## Data excerpt
◆ ◆ ◆ ◆

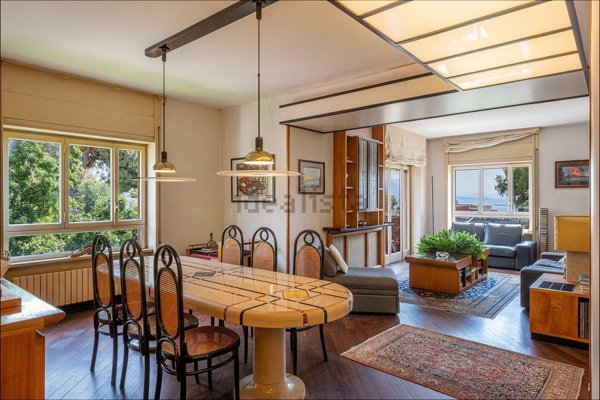 appartamento in vendita a Napoli in zona Posillipo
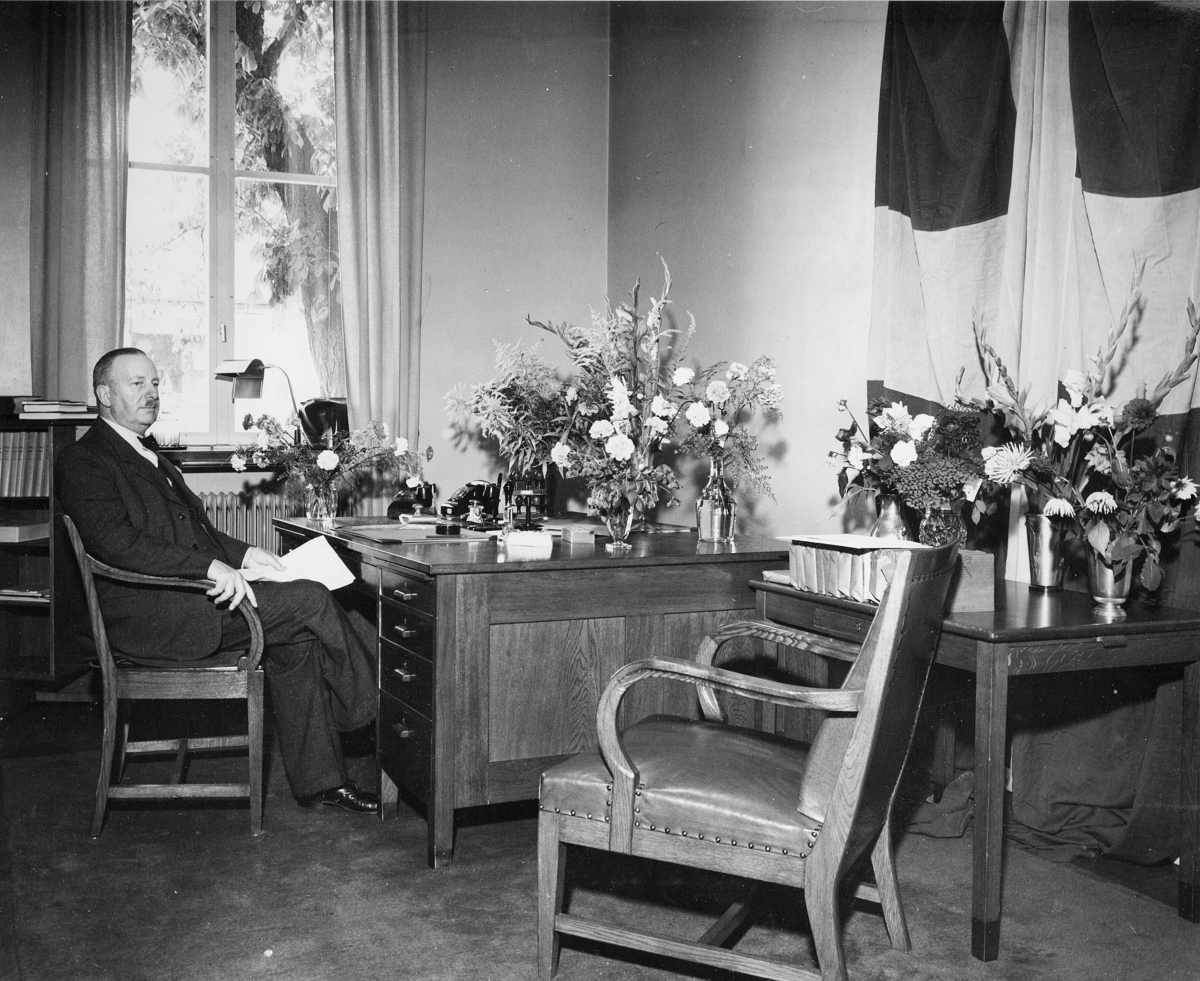 Postmästare Johan Waldemar Ewetz, postkontoret Stockholm 12,
vid sin avgång ur tjänsten 1946.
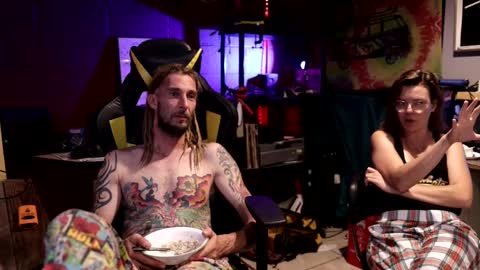 Honey and Bear online show from September 10, 2025, 2:22 am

◆ ◆ ◆ ◆

Omit all images when repeating the data above exactly.

 appartamento in vendita a Napoli in zona Posillipo
 Postmästare Johan Waldemar Ewetz, postkontoret Stockholm 12,
vid sin avgång ur tjänsten 1946.
 Honey and Bear online show from September 10, 2025, 2:22 am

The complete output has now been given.